De retour de ses vacances dans les Pouilles, Serge Rusak, designer belge établi à Paris en charge de la conception des motos électriques Saroléa, a répondu à nos questions autour d’un café sur une terrasse ensoleillée. Parce que le design ne se limite pas au mobilier.
“Le grand public connaît principalement le design à travers le mobilier. Or le design représente une véritable méthodologie qui consiste à concevoir et à fabriquer les objets du quotidien. Il est abusif selon moi d’utiliser le terme comme qualificatif dans des expressions telles que meubles design. Il serait préférable de parler de mobilier contemporain“, lance Serge Rusak (42 ans). “Ce sucrier et tout ce qui nous entoure ont été imaginés par un designer. Il est temps de vulgariser le métier, de casser le mythe des designers stars médiatisés et de sortir les autres de l’ombre”, poursuit-il. Et de se réjouir cependant de compter plusieurs grandes figures en Belgique comme Alain Gilles qui ont gagné leurs galons à l’échelle internationale.
Pouvez-vous résumer votre parcours ?
Serge Rusak : “Après des études en design industriel à l’école supérieure des Arts Saint-Luc à Liège et un stage chez Naos Design avec Damien Bihr, j’ai commencé à travailler sur des projets de mobilité urbaine pour Neerman Consulting à Courtrai. Je me suis ensuite installé comme indépendant en Belgique avant de créer mon agence à Paris. Celle-ci compte aujourd’hui trois à quatre collaborateurs en fonction des projets en cours. Nous sommes actifs dans le design à la fois d’objets et de moyens de transport. Une double casquette assez rare.”
Pourquoi un designer liégeois choisit-il de s’établir à Paris ?
SR : “En réalité, c’est avant tout pour des raisons personnelles que je suis parti à Paris il y a 8 ans. J’en ai fait par la même occasion une opportunité professionnelle. Bien que la Belgique bénéficie d’une certaine notoriété dans le milieu, il est plus facile de parler de design et de rencontrer des gens du milieu à Paris.
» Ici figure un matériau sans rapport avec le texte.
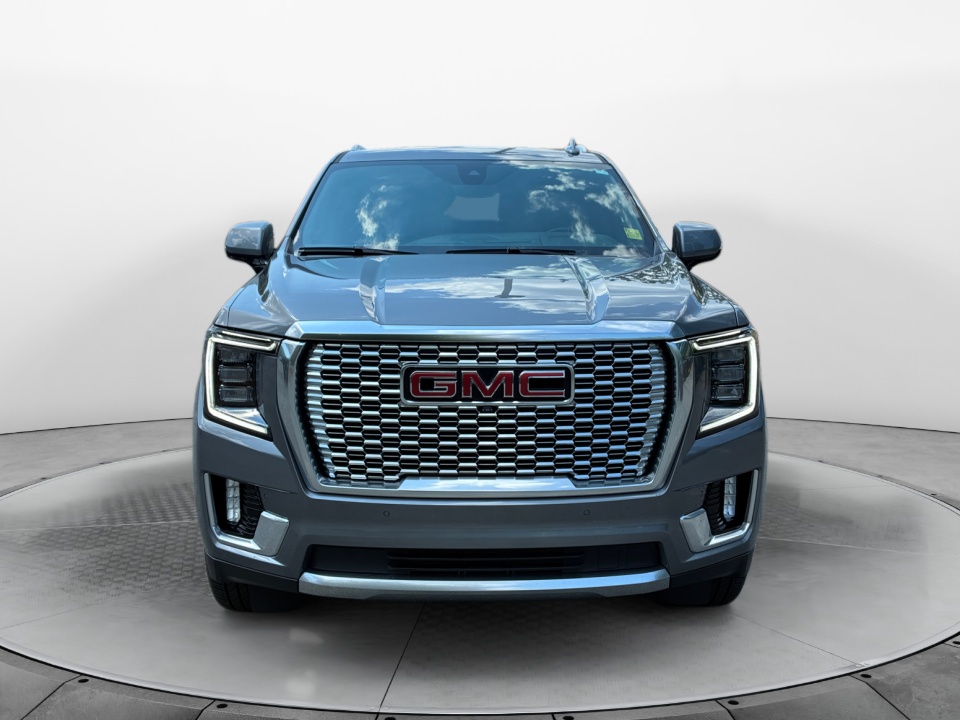 Used 2021 GMC Yukon XL SUV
Cette ville est inspirante H 24. On y trouve toujours quelque chose à voir ou à faire. Je suis Belge mais c’est dans la capitale française que je me sens désormais chez moi.”
Il est temps de sortir les designers de l’ombre
Pourriez-vous décrire votre studio ?
SR : “Je travaille à quatre minutes à pied de mon appartement dans le quartier de Montmartre. Une situation idéale qui m’évite de devoir prendre les transports en commun. Mon studio est lumineux et contemporain. Le plancher contraste avec les murs et le plafond recouverts de béton lissé. Je partage cet open space avec un bureau d’architecture, ce qui m’offre la chance d’être entouré de professionnels qui appartiennent à un univers connexe tout en ayant des points de vue quelque peu différents. Nos échanges sont très enrichissants.”
Quels sont vos projets en cours ?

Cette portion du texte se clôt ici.